A 5' flanking region of the well-conserved Toll/interleukin-1 receptor domain (TIR)-encoding sequence was isolated from the genomic DNA of Melampsora magnusiana
Wagner resistant clones of hybrid triploid poplars[(Populus tomentosa
×P. bolleana
)×P. tomentosa
]. Sequencing results and alignment analysis show that the obtained TIR-specific promoter (named as PtTIRp01
) was 1,732 bp in length; moreover 3' region of the PtTIRp01
contains a 398 bp complete TIR-encoding sequence, which significantly corresponds to the 5' composition of TIR-NBS type gene PtDRG02
, indicating that the obtained TIR-specific promoter region consists of 747 bp long 5' region of TIR-NBS type gene PtDRG02
and its upstream region of promoter (985 bp). It was found that the 5' region of TIR-NBS type gene PtDRG02
was characterized in the downstream region of the transcriptional start, named as 5'-untranslated region (5' UTR), consisting of one 93 bp 5'-untranslation exon, one 213 bp intron and one 441 bp TIR-encoding open reading frame (ORF).
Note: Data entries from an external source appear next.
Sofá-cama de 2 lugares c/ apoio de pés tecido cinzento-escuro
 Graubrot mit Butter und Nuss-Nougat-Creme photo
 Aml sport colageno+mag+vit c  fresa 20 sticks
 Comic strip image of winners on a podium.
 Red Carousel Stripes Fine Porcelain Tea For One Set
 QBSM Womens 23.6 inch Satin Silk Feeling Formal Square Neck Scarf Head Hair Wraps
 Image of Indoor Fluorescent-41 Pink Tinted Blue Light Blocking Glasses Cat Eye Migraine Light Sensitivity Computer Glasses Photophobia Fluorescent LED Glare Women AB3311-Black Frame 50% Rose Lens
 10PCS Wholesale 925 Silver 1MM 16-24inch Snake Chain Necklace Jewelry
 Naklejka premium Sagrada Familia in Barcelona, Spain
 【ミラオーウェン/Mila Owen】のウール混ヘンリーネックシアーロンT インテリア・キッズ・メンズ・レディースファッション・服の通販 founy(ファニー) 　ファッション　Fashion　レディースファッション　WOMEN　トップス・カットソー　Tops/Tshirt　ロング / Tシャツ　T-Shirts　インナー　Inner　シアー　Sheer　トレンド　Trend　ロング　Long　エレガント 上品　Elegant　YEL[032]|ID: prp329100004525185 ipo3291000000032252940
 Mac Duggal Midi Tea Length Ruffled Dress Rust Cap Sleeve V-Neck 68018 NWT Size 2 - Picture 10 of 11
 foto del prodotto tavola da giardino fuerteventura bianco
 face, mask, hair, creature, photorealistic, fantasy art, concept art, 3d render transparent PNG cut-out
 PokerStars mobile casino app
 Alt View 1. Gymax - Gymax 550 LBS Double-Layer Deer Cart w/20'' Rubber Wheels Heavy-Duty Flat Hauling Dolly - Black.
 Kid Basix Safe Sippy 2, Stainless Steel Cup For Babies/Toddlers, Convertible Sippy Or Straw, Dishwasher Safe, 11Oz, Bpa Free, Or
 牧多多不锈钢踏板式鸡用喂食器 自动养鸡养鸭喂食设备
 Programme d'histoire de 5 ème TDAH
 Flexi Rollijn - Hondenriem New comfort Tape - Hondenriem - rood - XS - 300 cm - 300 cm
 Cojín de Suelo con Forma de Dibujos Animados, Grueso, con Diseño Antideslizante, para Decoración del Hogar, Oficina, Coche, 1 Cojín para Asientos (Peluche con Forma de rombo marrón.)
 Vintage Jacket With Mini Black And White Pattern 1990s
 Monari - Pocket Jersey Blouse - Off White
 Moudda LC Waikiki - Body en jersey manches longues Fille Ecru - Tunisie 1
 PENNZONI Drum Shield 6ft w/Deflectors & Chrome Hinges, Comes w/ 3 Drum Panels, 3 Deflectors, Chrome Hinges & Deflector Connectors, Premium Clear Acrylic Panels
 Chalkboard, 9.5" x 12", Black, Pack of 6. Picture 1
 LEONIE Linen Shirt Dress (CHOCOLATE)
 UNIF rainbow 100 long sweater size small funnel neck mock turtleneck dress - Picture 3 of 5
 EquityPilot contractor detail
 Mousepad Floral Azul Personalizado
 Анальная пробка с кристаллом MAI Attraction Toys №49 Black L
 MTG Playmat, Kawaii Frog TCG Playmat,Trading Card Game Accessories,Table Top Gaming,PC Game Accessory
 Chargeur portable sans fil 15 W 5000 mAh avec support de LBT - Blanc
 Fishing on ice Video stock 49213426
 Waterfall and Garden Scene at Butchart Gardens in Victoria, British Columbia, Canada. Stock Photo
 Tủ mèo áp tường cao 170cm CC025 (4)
In addition, several putative cis
-acting motifs were present in the obtained TIR-specific promoter of PtDRG02
, including one TATA box, one GC-rich, one AT-rich, one P-box, one 3-AF1 binding site, two CAAT boxes, two GT-1 motifs, three typical W-boxes, four I-boxes, and one multi-cis
-acting fragment (MCF). The latter contains five types of regulatory elements (E4, G-box, ABRE motif, box1 and HVA1s), most of which were homologous to the cis-acting regulatory elements involved in the activation of defense genes in plants. Thus, it can be suggested that TIR-specific promoter might be a pathogen-inducible promoter and be necessary for the inducible expression of defense-related genes.